That's art director Crickett Powell and me checking an edition of the now-defunct Blue Ridge Business Journal being printed at the Roanoke daily newspaper's big press in downtown Roanoke.
This was probably about 2000, judging from the wedding ring on my left hand. When Christina and I were married, I tried for a brief time to wear a ring, but it didn't take. Drove me batty. Eventually, the marriage didn't take, either, but C's a good friend.
I had a good 20-year run at the BRBJ, but left when the daily paper started exercising control over what we did there. The paper had bought us and left us alone through two publishers, but when Debbie Meade took over, things changed for the worst (and I don't mean "worse" here).

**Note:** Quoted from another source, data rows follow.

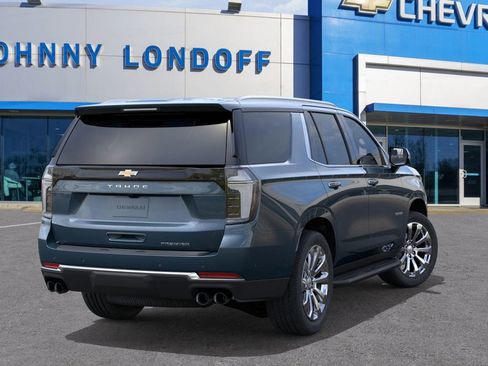 New 2026 Chevrolet Tahoe Premier w/ Sun And Tow Package image 4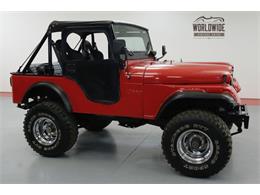 1973 Jeep CJ5 (CC-1105949) for sale in Denver , Colorado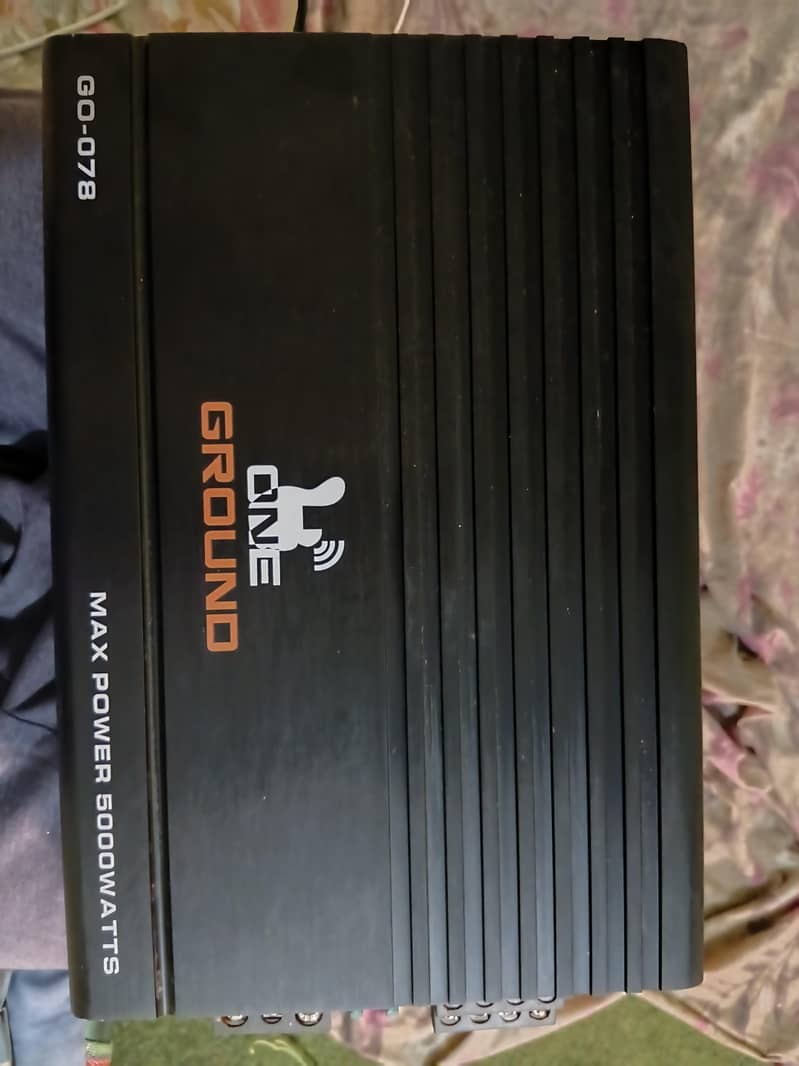 Amplifier 2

Meade immediately brought in her own guy--one with no experience in business journalism and publications--who wanted to benchmark what we were doing. That is a word most often used by people with no originality, no creativity, no clue. When he started, we'd just had the best seven month financial run in our history. He left when the mag died broke. After Tom Field, the GM, and I left to found Valley Business FRONT, a succession of reluctant editors was appointed. The BRBJ read like a newspaper, no personality at all. It stunk.

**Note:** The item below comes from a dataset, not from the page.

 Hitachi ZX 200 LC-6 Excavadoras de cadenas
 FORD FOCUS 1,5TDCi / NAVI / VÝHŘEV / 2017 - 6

FRONT is now in its fifth year and remains, in my strong opinion, the most interesting business publication in Virginia, regardless of the Roanoke Regional Chamber's preference. After about two years and a lot of money poured into trying to save the BRBJ, it was unceremoniously folded by the local daily. There was not even an announcement in the final issue that it was toast. Meade blamed the failure of a 22-year-old successful publication on a bad business model. It was the same model that had proved successful--and still does--in communities all over the country.
Anyhow, Tom and I felt like we had a hand in the collapse of the BRBJ, just as we had a hand in its success. We smiled at that.